# Safari 5 très très lent



## axelle44 (2 Mai 2011)

La navigation sous safari 5 est d'une lenteur remarquable .... Cela n'a rien à voir avec mon réseau car mon mari surfe sous Firefox et n'a aucun problème (nous avons tous les deux le même MBP).

J'ai désinstallé tous les modules et ai bloqué le cache. Rien n'y fait ....
Avez-vous des conseils à me donner (autres que changer pour Mozilla ?)

Merci beaucoup !


----------



## Fmparis (3 Mai 2011)

En ce qui me concerne j'ai les trois navigateurs installés (Safari, Firefox et Opéra) et je les utilise en fonction de la navigation. La plupart du temps c'est Firefox. Après c'était Safari surtout pour les sites d'infos et forums. Mais depuis la dernière mise à jour Safari bloque et saute une fois sur trois, ou tourne au ralenti (surtout sur les site d'infos qui sont bourrés de Pubs). Alors j'ai passé à Opéra qui fonctionne très bien sur les site d'info et qui est très réactif.

Alors le conseil est d'installer les uns et les autres et les tester pour voir lequel te convient le mieux. A commencer par Firefox puisque tu dis que ton mari s'en sert et que ça marche.

Bonne journée.


----------



## PA5CAL (3 Mai 2011)

Bonjour

Ton mari rencontre-t-il les mêmes problèmes de ralentissement sur son MBP s'il utilise Safari ?

S'il rencontre le problème avec Safari en visitant des sites qui passent bien avec Firefox, alors c'est certainement Safari qui est en cause. Dans le cas contraire, l'origine est à chercher du côté de ta configuration réseau (serveurs DNS utilisés par exemple), de ton installation particulière de Safari et de ses sous-systèmes, ou bien des sites que tu visites.


----------



## axelle44 (4 Mai 2011)

Bonjour,

Merci pour vos réponses ! 

En effet, mon mari n'a pas de problèmes avec Firefox mais moi, j'avais justement switché sur Safari car j'avais des soucis avec Firefox. 

Entretemps, j'ai testé Google Chrome et sincèrement, c'est un vrai bonheur : les pages s'affichent instantanément !!
Il y avait donc incontestablement un problème avec Safari ...
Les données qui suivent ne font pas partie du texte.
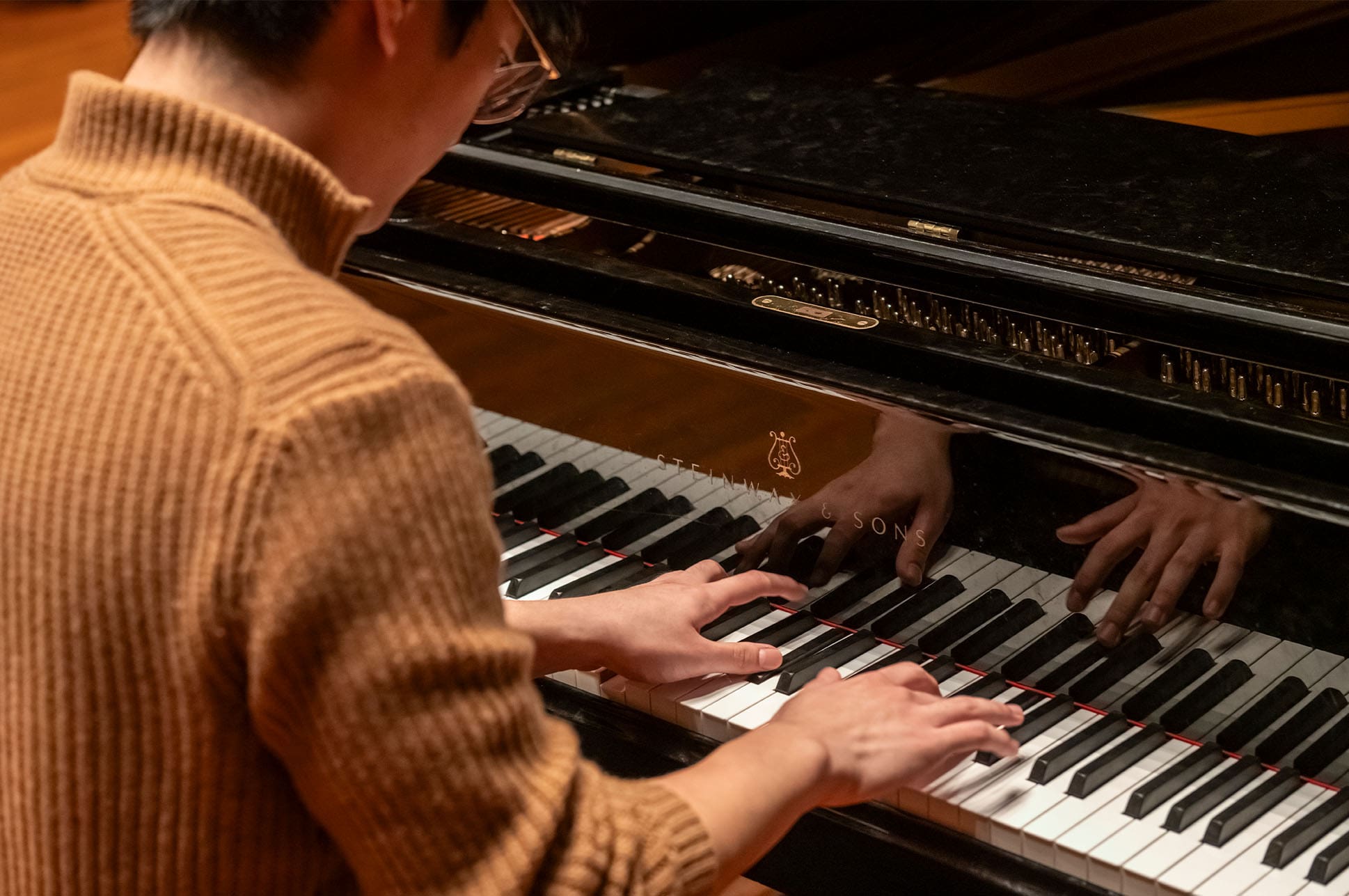 Student playing piano.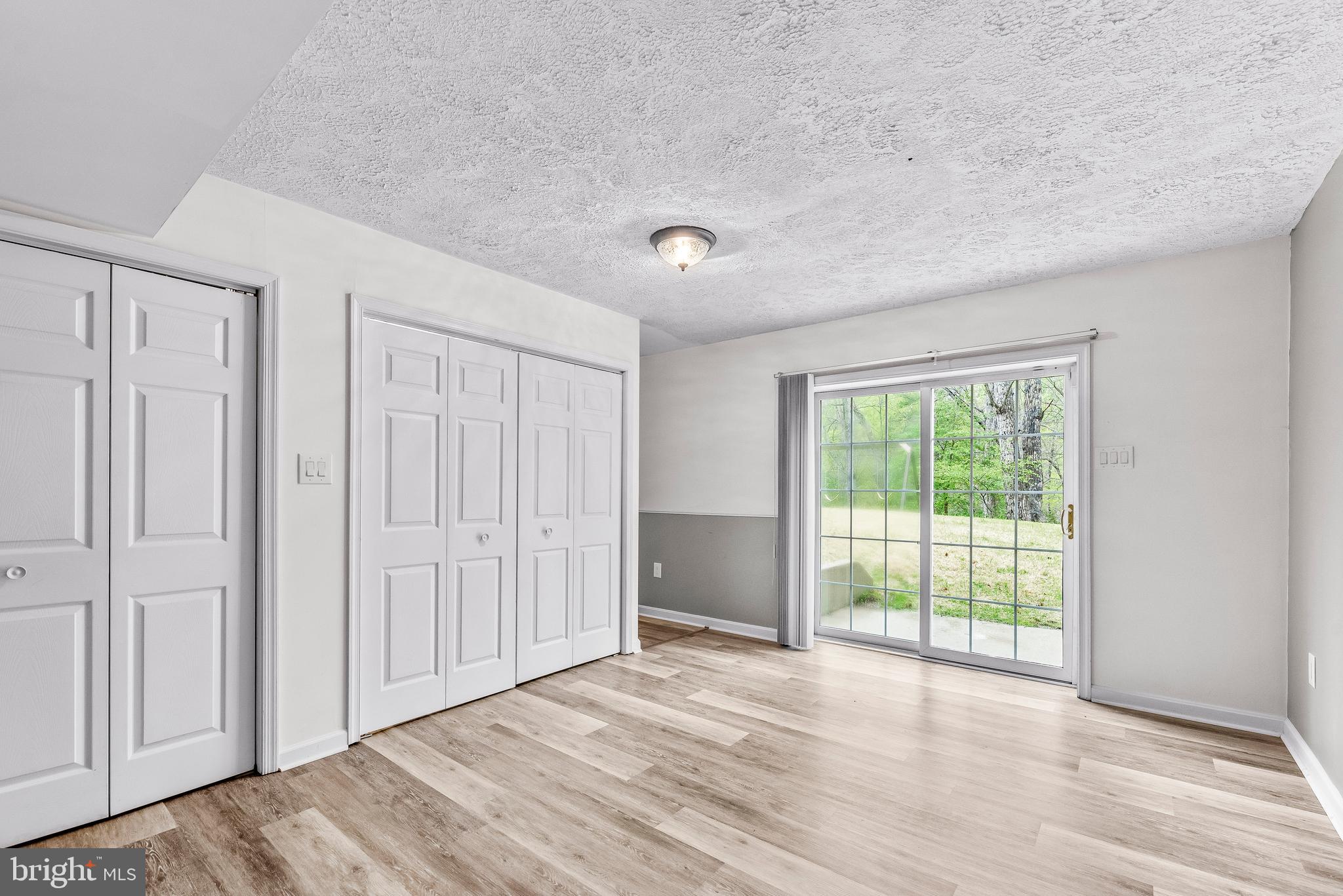 307 Red Cloud Road Lusby, MD 20657 - Photo 25 of 35 a view of an empty room with a window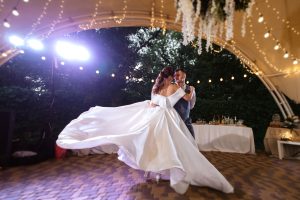 the first wedding dance of the bride and groom inside the restaurant hall in sunset light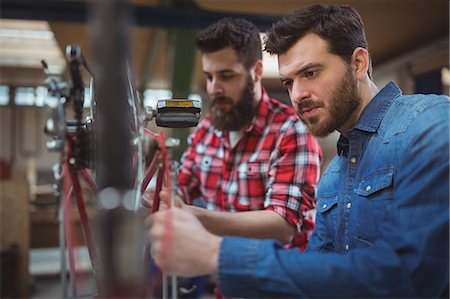 simsearch:6109-08690493,k - Side view of two mechanics repairing a bicycle in their workshop Stockbilder - Premium RF Lizenzfrei, Bildnummer: 6109-08689896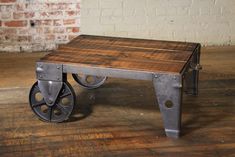 a table made out of metal and wood with wheels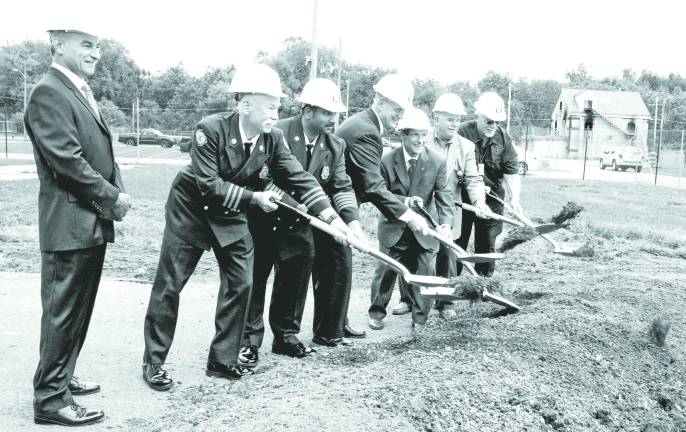 Photo by Ed Bailey Orange County broke ground last week on a new Fire Training Center burn building at the County&#xed;s Fire Training Center in New Hampton. Pictured are: Emergency Services Commissioner Walter Koury, Fire Training Center Manager Jim McCann, Deputy Commissioner for Fire Services Vini Tankasali, Public Works Commissioner Charles Lee, Orange County Executive Edward A. Diana, Legislative Chairman Michael Pillmeier and Fire Advisory Board Chairman Lee Gerow. The current burn building can be seen in the background on the right.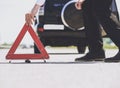 Close Up. Men Put Red Warning Triangle with Car. Royalty Free Stock Photo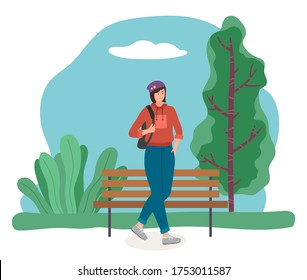 Girl in sportswear in a hat carries a backpack on her shoulder. Stylish young female chracter walking in the open air, active lifestyle. Girl teenager with short dark hair in jeans and a sweater walks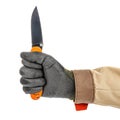 Open pocket folding knife with bright orange handle clenched in a worker fist in black protective glove isolated on white Royalty Free Stock Photo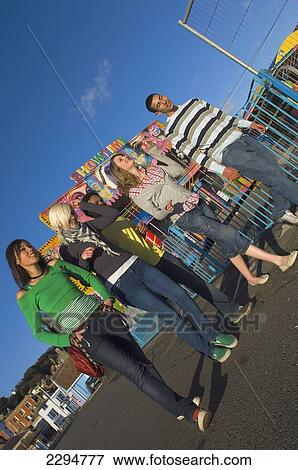 Stock Photo - UK, Mixed group of teenagers at funfair; Hastings. Fotosearch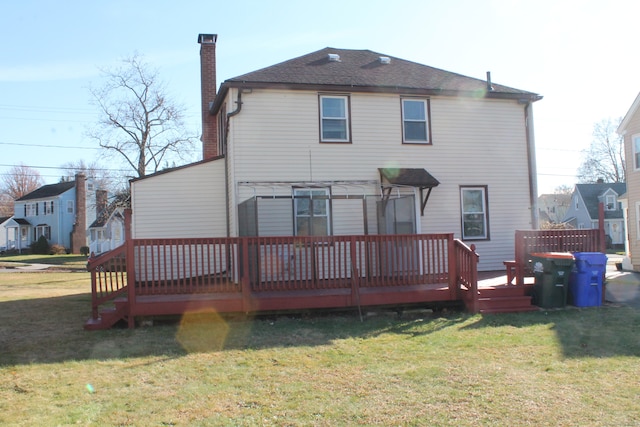 rear view of house featuring a wooden deck and a yard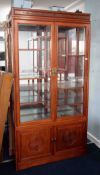 A modern Chinese style rosewood display cabinet, fitted with two glazed doors enclosing an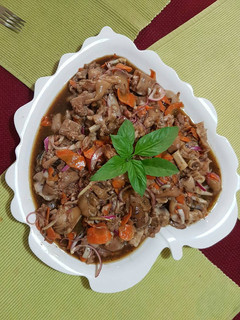 Una foto de Manitas de puerco a la Tica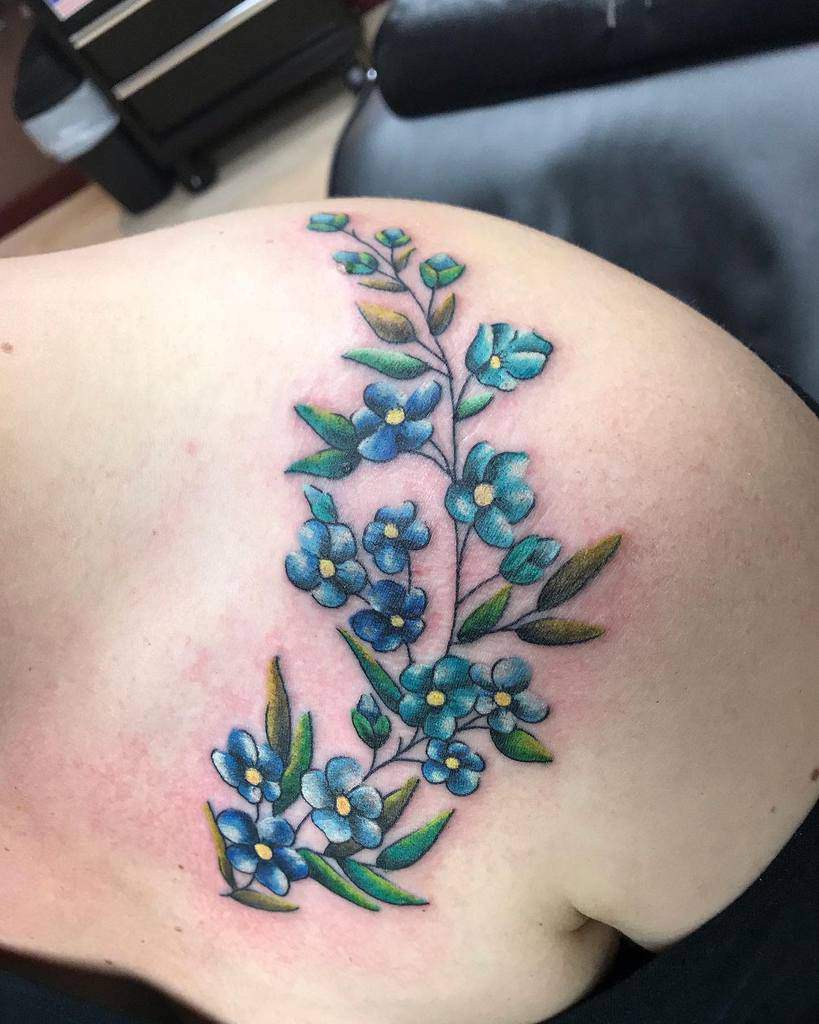 A floral tattoo featuring delicate forget-me-nots with blue flowers and lush green leaves graces the person's shoulder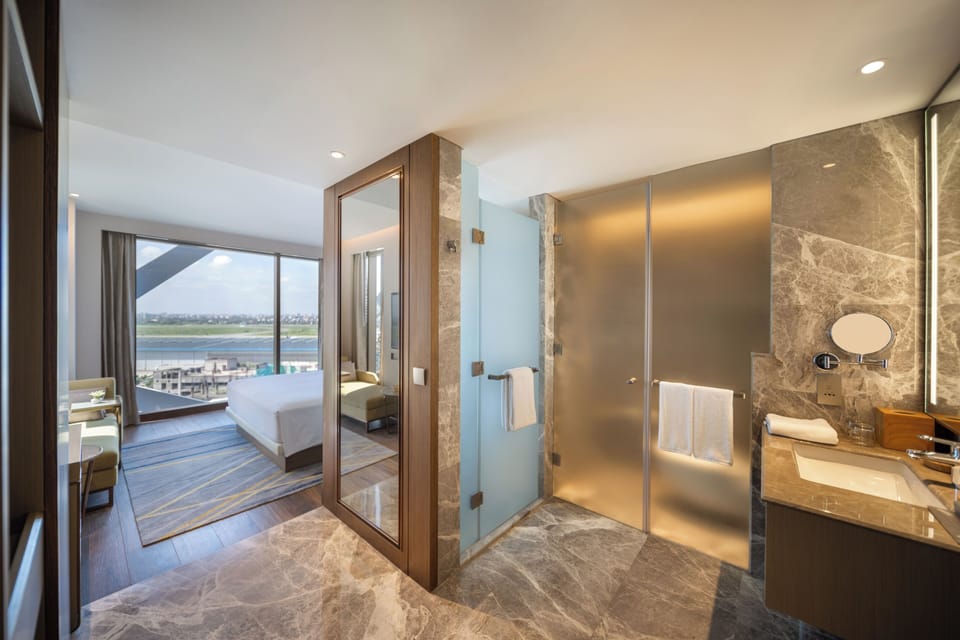 Room, 1 King Bed (Runway View) | Minibar, in-room safe, iron/ironing board, free WiFi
Je conseille donc de charger Google Chrome, qui marche très bien (dans mon cas !).

Merci encore pour vos réponses.


----------



## josss (4 Mai 2011)

J'ai eu le même souci (et la même solution), mais Chrome a fini par ralentir aussi (mais moins).
Je te conseille de réparer les autorisations (Utilitaire de disque > réparer les autorisations), ça pourrait avoir un effet positif ...


----------



## PA5CAL (4 Mai 2011)

Je ne vois pas pourquoi tu marques le problème comme « résolu », parce qu'en fait il ne l'est pas.

Jusqu'à preuve du contraire, ton Safari est toujours ralenti. Et puis on apprend qu'il en était de même avec Firefox. Le fait de passer à Chrome te permets seulement de ne plus en subir les conséquences... pendant un temps.

Les futurs lecteurs de cette discussion ne trouveront donc pas ici de véritable réponse à la question posée, à moins que tu confirmes que la solution proposée par josss ai été efficace.


----------



## axelle44 (4 Mai 2011)

Bon, ben j'ai enlevé le "résolu" car sinon, je vais encore me faire eng... gronder !! 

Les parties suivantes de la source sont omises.